Subject: Re: cache_*() case-insensitive searching
To: Jaromir Dolecek <dolecek@ics.muni.cz>
From: Ignatios Souvatzis <ignatios@cs.uni-bonn.de>
List: tech-kern
Date: 08/10/1999 12:32:31
On Tue, Aug 10, 1999 at 12:11:49PM +0200, Jaromir Dolecek wrote:
> Bill Sommerfeld wrote:
> > cnp->cn_hash is computed in vfs_lookup.c from the pathname component:
> > 
> > 	cnp->cn_hash = 0;
> > 	for (cp = cnp->cn_nameptr; *cp != '\0' && *cp != '/'; cp++)
> > 		cnp->cn_hash += (unsigned char)*cp;
> 
> Is there any reason why this is not done in vfs_cache:cache_lookup()
> right before the value is actually used ?
> 
> There seem to be some situations when the hash value is not used (such
> as when the name is too long), so it would actually make more sense
> to count it just-in-time. And it would ease the implementation of the
> case-insensitive searching (there would be just one place to worry about,
> with no side effects).

You can't do this (case-insensitiveness) file system independent.

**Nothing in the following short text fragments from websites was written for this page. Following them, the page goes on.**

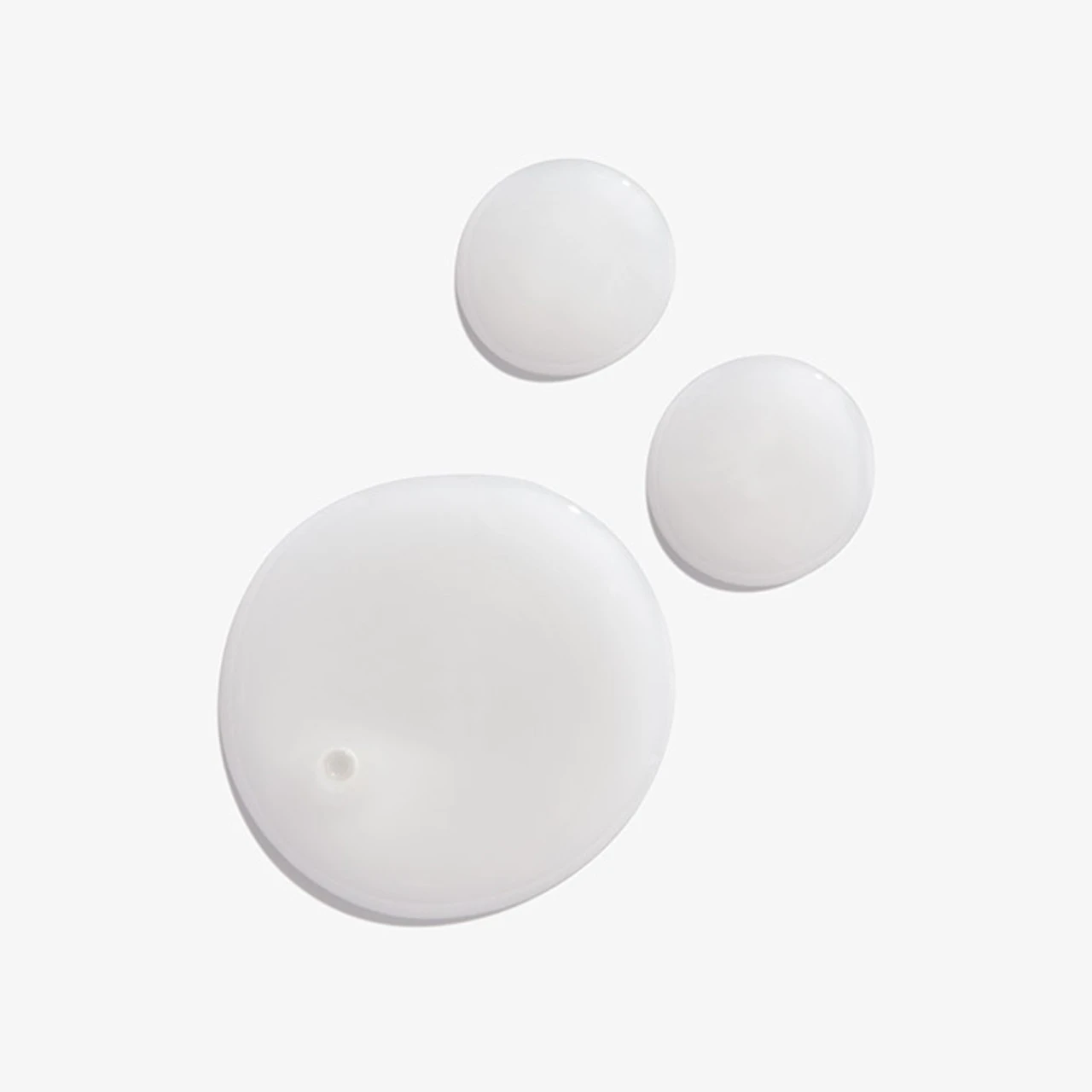 Shampooing Frizz Dismiss Redken 1000ml Shampooing Frizz Dismiss Redken 1000ml -Capillaires Produits Boutique 3474636920242 4 56607.1694782777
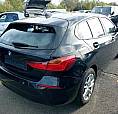 Bmw 118I 5P. Business Advantage Navi Pdc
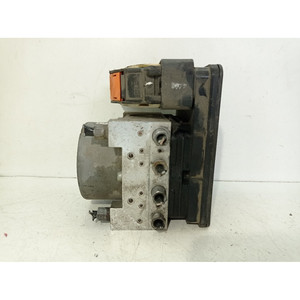 ABS PEUGEOT 2008 Série 1680717580 DV5RC/YHZ diesel 1499 (19>) - Product Image 2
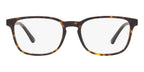 Ray-Ban RB 5418 2012 Glasses
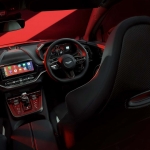 Aston Martin DBX S
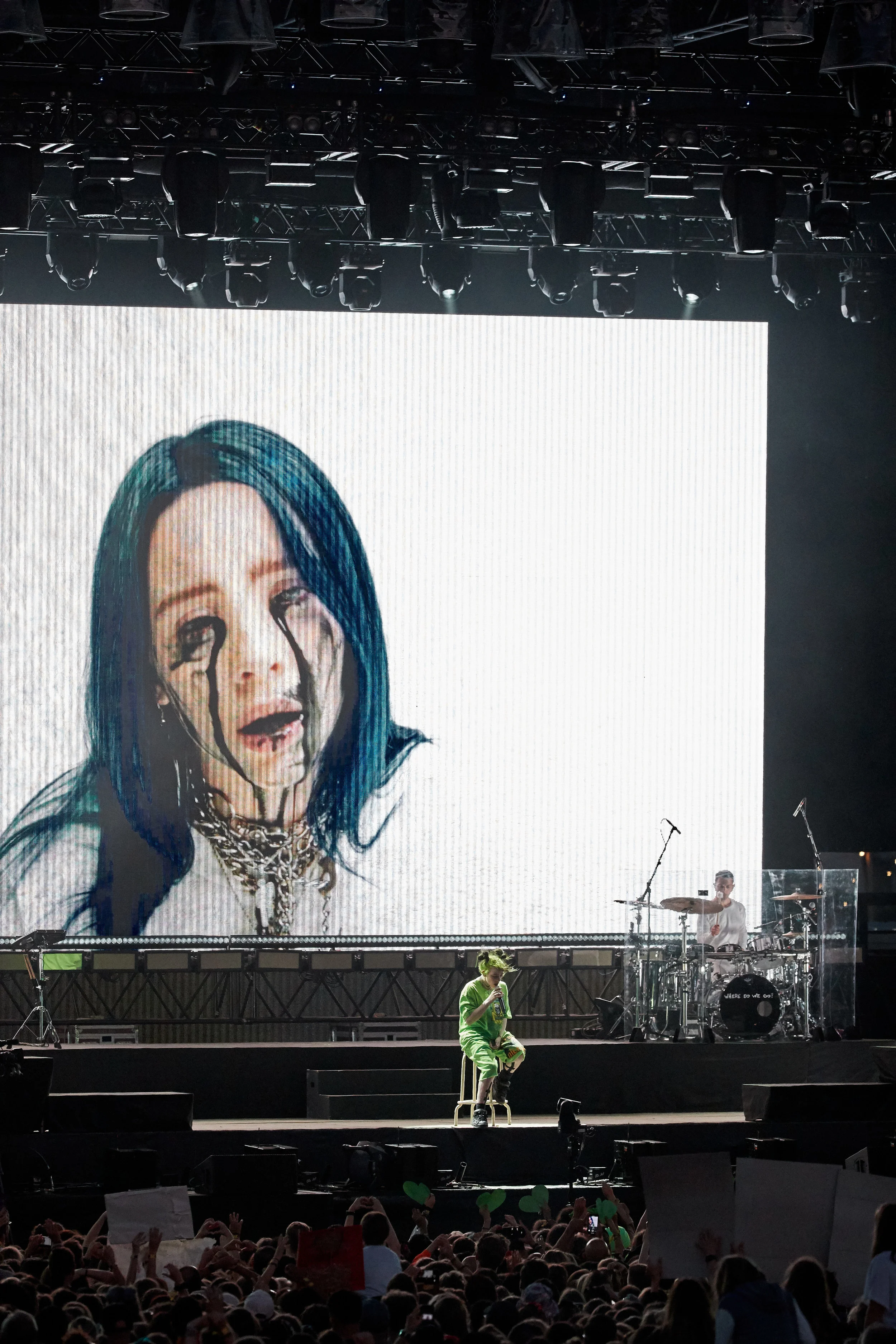 Socialmedia_ZOA_Tag1 41.JPG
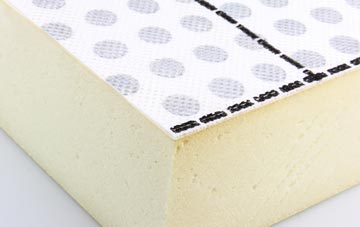 meeting Ford Street building codes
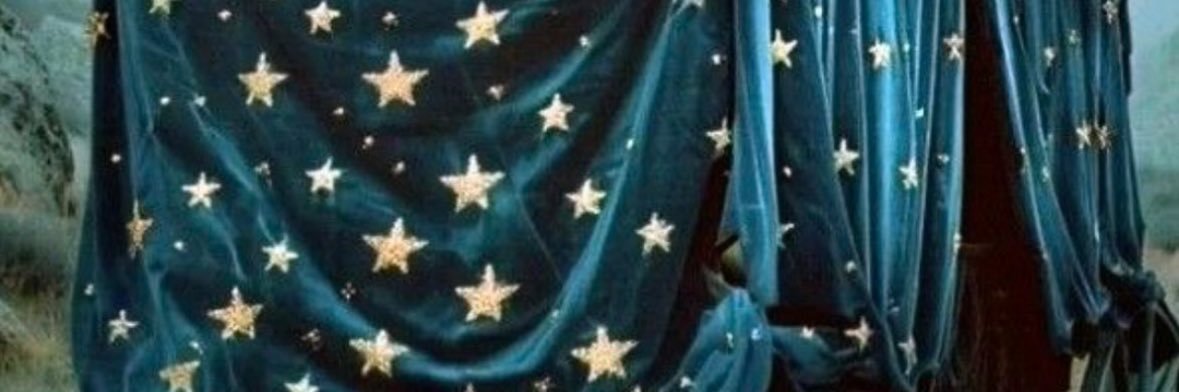 _murpho_'s profile banner image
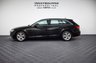 USED 2016 66 AUDI A4 2.0 AVANT TDI ULTRA SPORT 5d 148 BHP Sat Nav, Power Tailgate, DAB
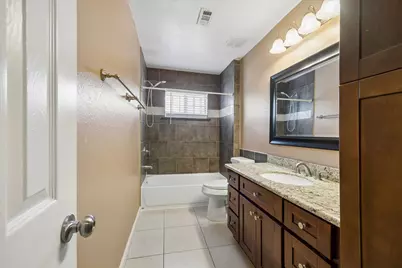 12015 Sea Shore Drive, Houston, TX 77072 - Photo 8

Some filesystems come in defined flavours of charset (e.g. ADOSFS), and
have different caseness properties dependend on this.
Some filesystems have no defined character set.
Some filesystems have US-ASCII.
Some filesystems have CP437.
Some filesystems have iso-8859-1.
Some filesystems have Unicode.
Some filesystems have EBCDIC.

if at all, the filesystem code might know what is right.